Excerpt from The New Communism by Bob Avakian

The following is an excerpt from the work by Bob Avakian, The New Communism. In addition to this and other excerpts posted on revcom.us, we will be running further excerpts from time to time on revcom.us. These excerpts should serve as encouragement and inspiration for people to get into the work as a whole, which is available as a book from Insight Press and as a PDF online at revcom.us.

The New Communism
The New Communism

This excerpt comes from the section titled "IV. The Leadership We Need."

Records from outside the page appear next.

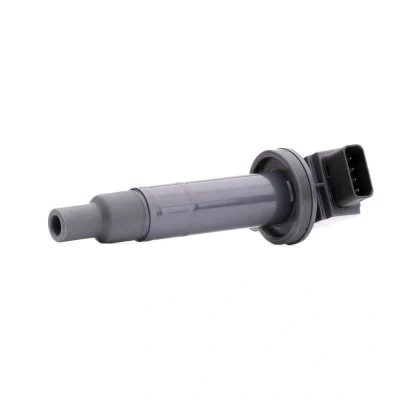 Abbildung von MAGNETI MARELLI 060717078012 Zündspule TOYOTA: Yaris II Hatchback, I III PEUGEOT: 406 Coupe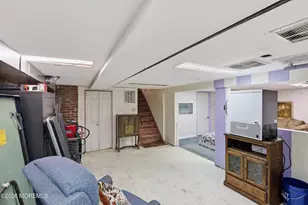 376 Cook Rd, Jackson, NJ 08527 - Photo 22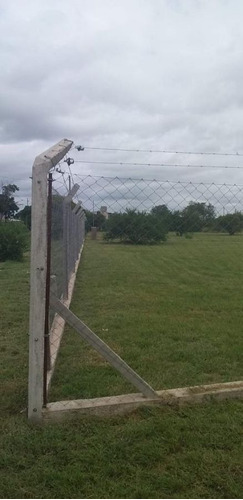 Galpón En Venta Ubicado En Mi Granja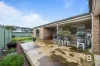 19 Hodge Street, Miners Rest, Vic 3352-Image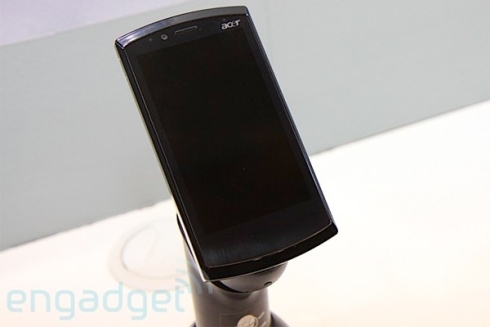 acer-rumor-snapdragon-rm-eng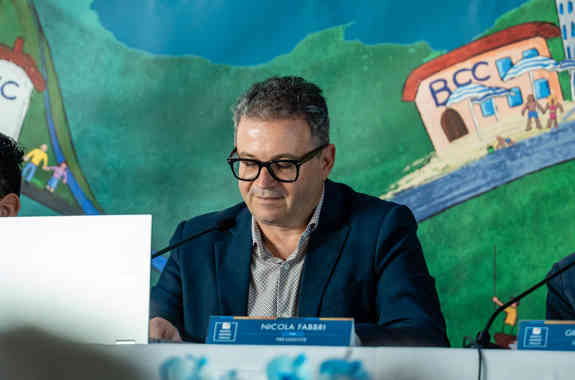 6 Assemblea Soci 7.05
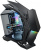 ������ Jonsbo MOD3 Black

Now, those general observations bring me to this Party in particular. There has been—it was recognized, more than a dozen years ago now, that there was a need for—a Cultural Revolution within this Party, with everything that implies: a thoroughgoing struggle to transform the whole direction the Party was taking, and the whole character the Party was taking on. This stood in very acute contradiction to the indispensable need for this Party to actually be a revolutionary communist vanguard. Why was it necessary to do something as drastic as this?—and it was and is something drastic, to have a Cultural Revolution within this Party. Because, owing to a lot of the factors that I’ve mentioned, and some others that I’ll touch on, the whole character of this Party was beginning to turn into its opposite, was very seriously on the precipice, on the very edge, of descending into not being a revolutionary communist vanguard, and degenerating into just a clique of reformists who had lost the whole orientation of scientifically going after the problem of radically changing society, bringing about the kind of profound transformation that’s represented by the communist revolution. All this had become very powerfully asserted within this Party, despite and in opposition to the “official line” of the Party and my work and the leadership that I was struggling to provide, to keep the Party on the road of revolution and communism.

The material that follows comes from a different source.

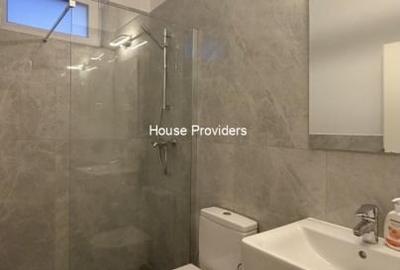 Casă individuală cu 7 camere cu Teren 220 Mp în Floreasca - 8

There were a lot of different manifestations of this. People here should be familiar with much of this, but there was a whole way in which the Party was turning into what we’ve described as an alternative lifestyle: just a place to hang out with other people who didn’t like the way the world was. The goal of revolution was going out of consideration—it was some far-off, abstract thing that maybe, “one fine day,” some other people would make—while this Party would just sort of keep the banner fluttering weakly in the wind. There was a turning inward, there was a tailing after identity politics, and other reformist trends, rather than an approach of “solid core with a lot of elasticity on the basis of the solid core” (even if that specific formulation had not yet been brought forward, that was the basic orientation and approach that should have been what people were basing themselves on, but instead they were going somewhere else). The work that I was doing, which has been further developed since but which was already quite developed in the direction of what I have outlined about the new synthesis of communism: All of that was being ignored—perhaps “appreciated” on one level and then put on a shelf to gather dust—or it was being opposed, either directly or, to use the parlance of the times, passively aggressively. The whole orientation of being a vanguard of an actual revolution was being given up on—which, it hardly needs saying, was a betrayal of everything the Party is supposed to be about.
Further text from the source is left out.